General Mills’ Indiana Facility Obtains LEED Gold Status
The U.S. Green Building Council awarded General Mills new customer service facility in Fort Wayne, Ind., with LEED Gold Certification.
The facility, which opened Sept. 5, is the largest warehouse and distribution center project in North America to achieve LEED Gold certification and the third largest in the world. General Mills' customer service facility in Social Circle, Ga., which opened in 2010, is the second largest in the U.S. and the fourth largest in the world.
“We take great pride in the incredible number of environmentally sustainable design elements and construction practices that have gone into this building,” said Mike Nordstrom, vice president of global workplace solutions for the Minneapolis-based General Mills. “We built this facility with LEED Gold certification as our goal. We are pleased to add the Fort Wayne customer service facility to our growing number of LEED-certified buildings.”
In January 2012, an expansion at its Albuquerque production facility was awarded LEED Gold, the company’s first production facility to achieve LEED certification. In October 2011, the Swiss Innovation Center for the company’s global cereal partnership with Nestlé became the first industrial building in Switzerland to receive LEED Platinum certification. In 2010, the General Mills customer service facility in Social Circle, Ga., was awarded LEED Gold, and its customer service center in Minneapolis became the company’s first facility to receive LEED certification for an existing structure.
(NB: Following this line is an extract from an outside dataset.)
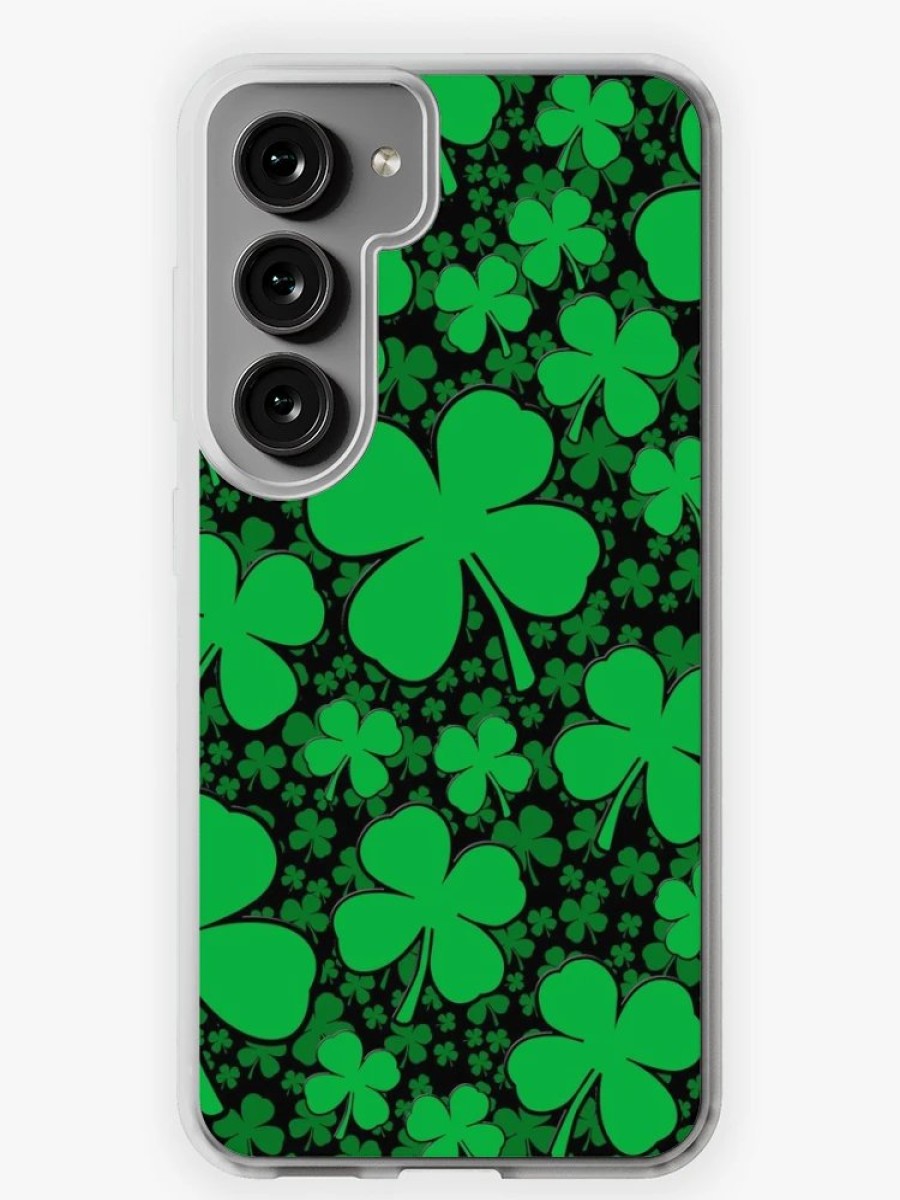 Redbubble A Shamrock Field For St Patrick'S Day Samsung Galaxy Phone Case Hot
The Fort Wayne building uses several energy efficiency technologies and environmentally friendly design elements, including: a white roof and 100 percent concrete paving that reflects sunlight to heating and cooling costs; low-flow plumbing fixtures that reduce water use by 33 percent; retention ponds that hold storm water for landscaping irrigation; energy-efficient light fixtures, occupant sensors, high-efficient HVAC systems, roof mounted up-blast exhaust fans and wall louvers that make the facility 45 percent more energy efficient than the baseline model for industrial buildings. Also, the project obtained LEED Gold certification for its environmentally-conscious construction and operations. More than 596 tons of construction waste was diverted from landfills by sorting the materials and sending them to the appropriate recycling centers for reuse on other products.
The building was constructed by New York-based Rockefeller Group Development Corp., which completed the project last month.